Task item:
Retype, word for word, the line holding "Wheat stalks lie" and every line below it to the end of the listing. Leave out the pictures.

*** Opening of Supplied information ***

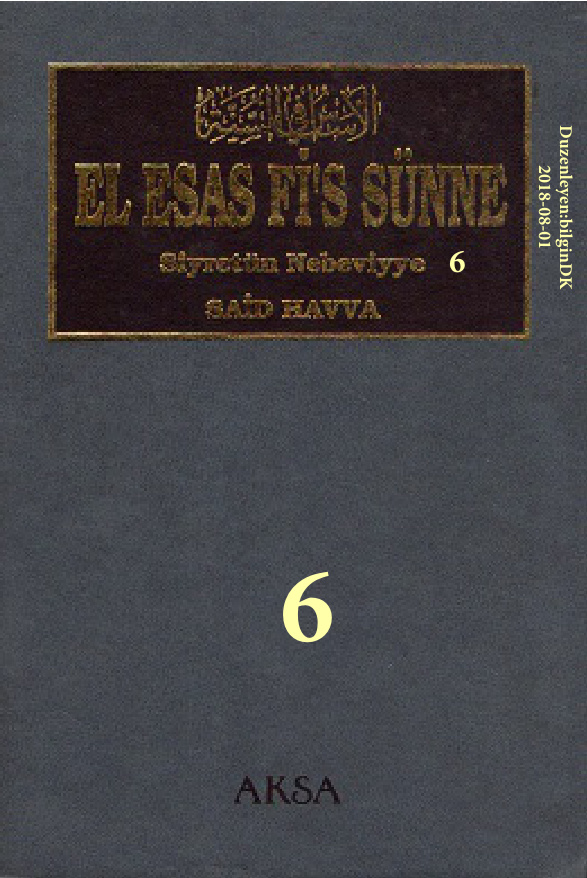 El Esas Fis Sunne.6_10 (Siyretun Nebeviyye.6_6) PDF – Said Havva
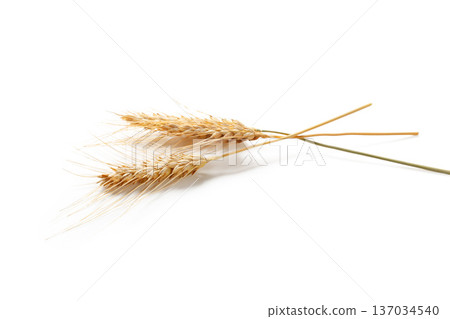 Wheat stalks lie against a white background in a simple still life 137034540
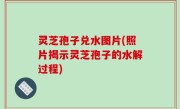 灵芝孢子兑水图片(照片揭示灵芝孢子的水解过程)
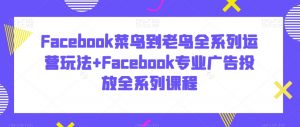 Facebook菜鸟到老鸟全系列运营玩法+Facebook专业广告投放全系列课程-88共享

*** Close of Supplied information ***

Your response:
 Wheat stalks lie against a white background in a simple still life 137034540
 灵芝孢子兑水图片(照片揭示灵芝孢子的水解过程)
 Facebook菜鸟到老鸟全系列运营玩法+Facebook专业广告投放全系列课程-88共享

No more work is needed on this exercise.